Entity-aware attention was first introduced in the paper "Entity-Aware Attention for Relation Extraction" by Sun et al. (2019). In this paper, the authors showed that entity-aware attention could be used to improve the performance of relation extraction models. It is an attention mechanism that focuses on specific entities or entities' interactions within a sequence or a context.
In traditional attention mechanisms, attention weights are typically computed based on the similarity between the query and key vectors derived from the input sequence. However, in entity-aware attention, the attention mechanism takes into account the entities mentioned in the input sequence and their respective roles using Named Entity Recognition (NER) or Entity Linking.
Location-based attention, also known as Positional Attention, was first introduced in the paper "Spatial Attention in Natural Language Processing" by Xu et al. (2015). It takes into account the relative position or location of elements within a sequence or context using Learned Position Embeddings or Sinusoidal Encoding. It is commonly used in models that process sequential data, such as natural language processing (NLP) tasks, where the position of words or tokens can carry important information.
This can be particularly useful in tasks where the order or position of elements matters, such as machine translation or text generation, as it helps the model capture sequential dependencies and generate more accurate and coherent outputs.
It is a mechanism that allows a model to attend to different parts of the same input sequence. This is done by computing a weighted sum of the input sequence, where the weights are determined by how relevant each part of the sequence is to the current task.
The basic idea behind self-attention is to compute attention weights for each word/token in a sequence with respect to all other words/tokens in the same sequence. These attention weights indicate the importance or relevance of each word/token to the others.

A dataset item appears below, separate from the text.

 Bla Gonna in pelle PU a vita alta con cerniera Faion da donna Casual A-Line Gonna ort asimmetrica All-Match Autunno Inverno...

While Scaled-Dot Product and Multi-Head Attention are methods to compute attention, there are mainly two approaches to how the Attention itself is applied, i.e. Global Attention and Local Attention. Global attention attends to all of the input sequence, while local attention only attends to a subset of the input sequence.

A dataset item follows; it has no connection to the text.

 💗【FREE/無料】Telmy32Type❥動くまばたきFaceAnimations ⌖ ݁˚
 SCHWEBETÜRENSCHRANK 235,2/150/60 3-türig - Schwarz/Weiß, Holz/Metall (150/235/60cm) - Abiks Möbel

Global attention can capture long-range dependencies between different parts of the input sequence and contextual information in the input sequence, as it allows the model to attend to all input elements at each decoding step. It can be computationally expensive as it has to attend to the entire sequence. It is typically used for tasks that require the model to consider the entire input sequence, such as text summarization.
Local attention can be more effective for tasks that require the model to focus on a specific part of the input sequence. Local attention is easier to train as it only has to learn to attend to a subset of the input sequence. It is typically used for tasks that require the model to focus on a specific part of the input sequence, such as machine translation.